I mean, if I had all that technological power, that's what I'd do. I'd just go to work. Duh.
You can do cool stuff with the robots like jump over buildings, climb walls, and kick the shit out of other robots. All the robots are also really hot, because really, why would you have an ugly surrogate? But that just ensured that it remained glued to shallow action movie clichés. I mean, after The Matrix, you're really going to have a futuristic movie in which people aren't hot and don't bounce off walls? Who would watch it?
The other thing that astounded me was the complete absence of artificial intelligence. It's a society so technologically advanced that we can create perfectly realistic humanoid robots—which have to be controlled by actual human beings.

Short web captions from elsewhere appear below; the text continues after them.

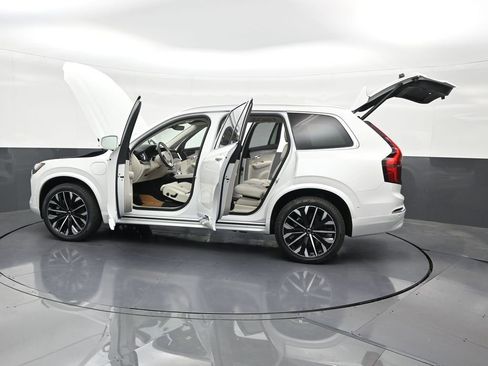 New 2026 Volvo XC90 T8 Ultra w/ Protection Package Premier AWD/4WD image 31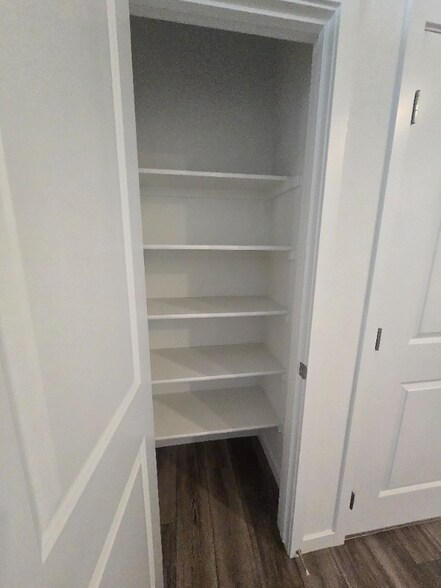 Building Photo - 5387 Euclid Dr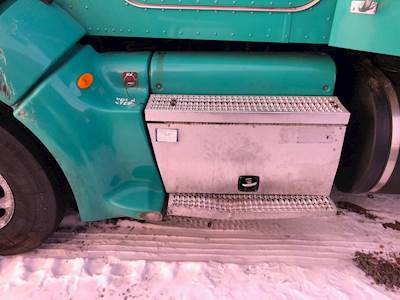 Peterbilt 386 Battery Box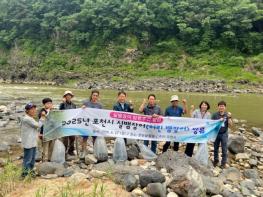포천시, ‘실뱀장어 방류주간’ 맞아 한탄강, 영평천에 1만3천여미 방류 기사 이미지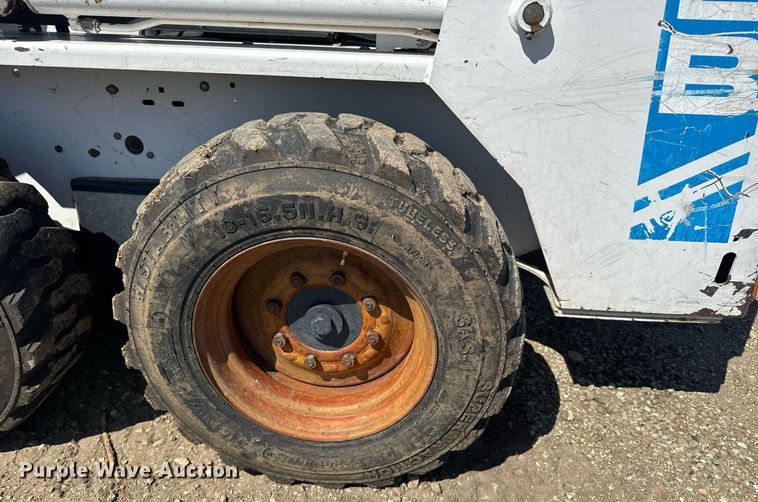 image for item ER2101 1993 Bobcat 742B skid steer loader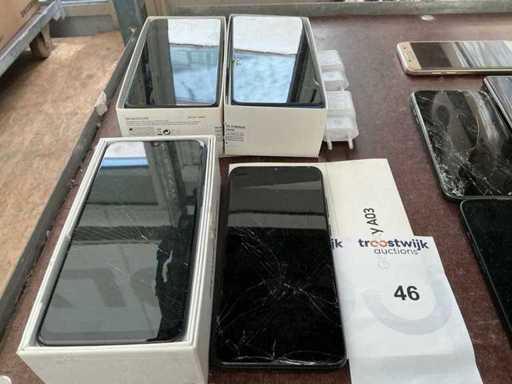 Samsung A03 + A50 Beschadigde Smartphone A50 (4x)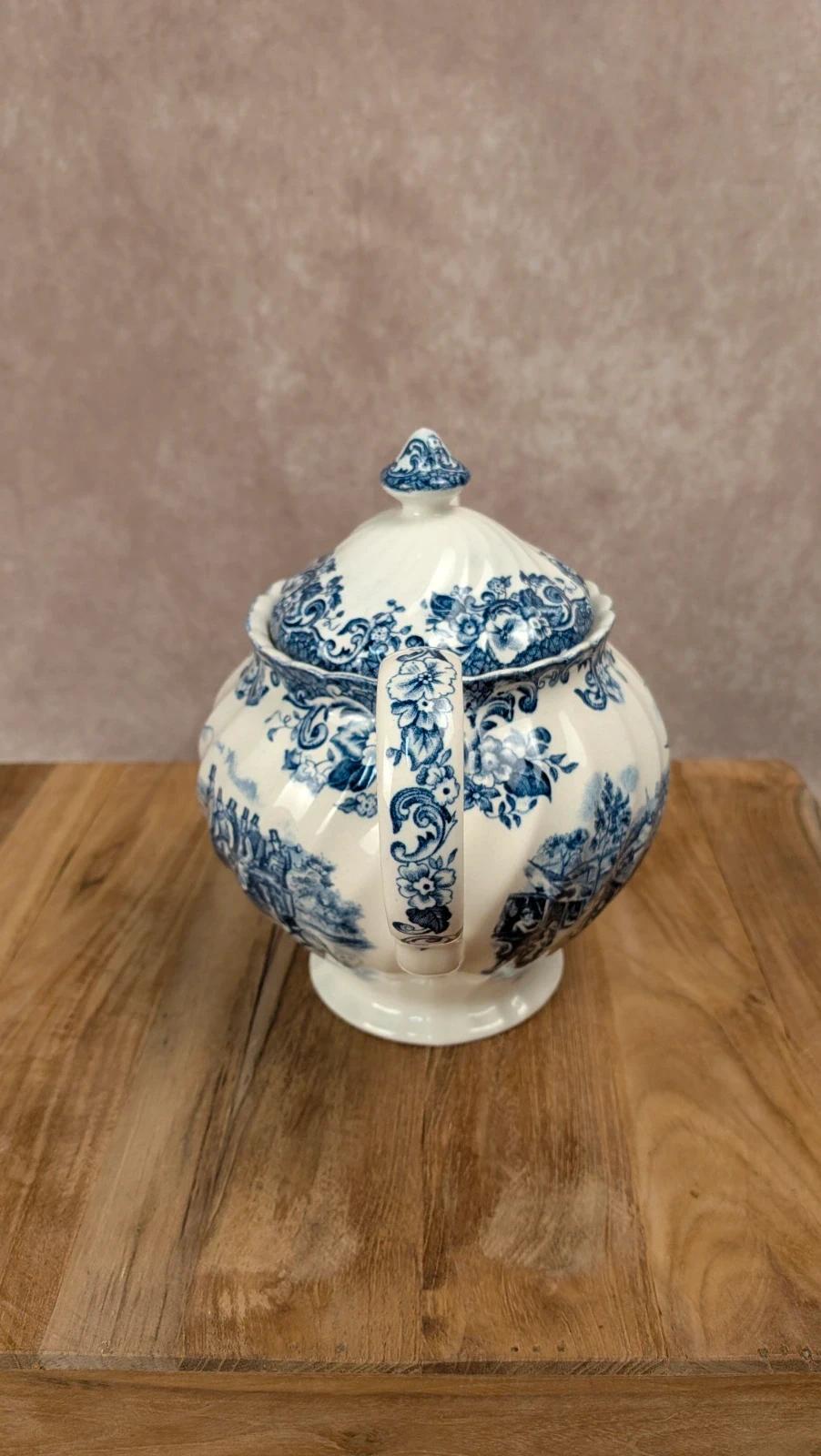 Service à thé anglais ancien – Johnson Bros – Décor Coaching Scenes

There's a scene in this movie where the FBI puts out a search warrant for a murderer. The murderer is spotted just moments later by a robot watching footage from a surveillance camera. Another character remarks, "Oh yeah, that's so-and-so. He really lives in Maine and is paid to watch that TV all day to spot people we're looking for."
Okay, reality check. The computer in my pocket—the one which is the size of half a ham sandwich—can identify people by their faces without any input from me at all. In fact, Facebook decided not to include that feature on the app, because it presented a privacy issue. (I know, irony.) And you're telling me that 20 years from now we need to pay a person to sit there and look through footage to find someone on video? "But he lives in Maine!"
The movie degenerated into every action-movie, anti-technology cliché at the end. "What button do I press?!" "If I don't press this button, mankind will die!" "Should I push the button?!" "Oh, the moral dilemma!"
Did none of the writers stop and ask, "Wait—do we really need buttons in the future?" Or how about: "Do we really use buttons all that much now?" A button!
So we have a movie about the future in which there's no internet, there's no artificial intelligence, keyboards can end the human race, and there are these robots that people use to do pretty much exactly what they do now. Oh, and people still use Dell desktops in the future. With shitty 15" flatscreen monitors that I could probably pick out of the trash. I forgot that part.
I had originally planned at this point to write something positive about the movie's portrayal of human alienation in a technological society, but I just can't bring myself to do it. At least when Caprica did that, they had it take place in virtual reality, which is arguably more relevant to the future than what this movie did. (Yeah, I watched Caprica. Shut up.)
In short, while visually compelling, this movie was one lousy cliché from top to bottom. I give it a C-.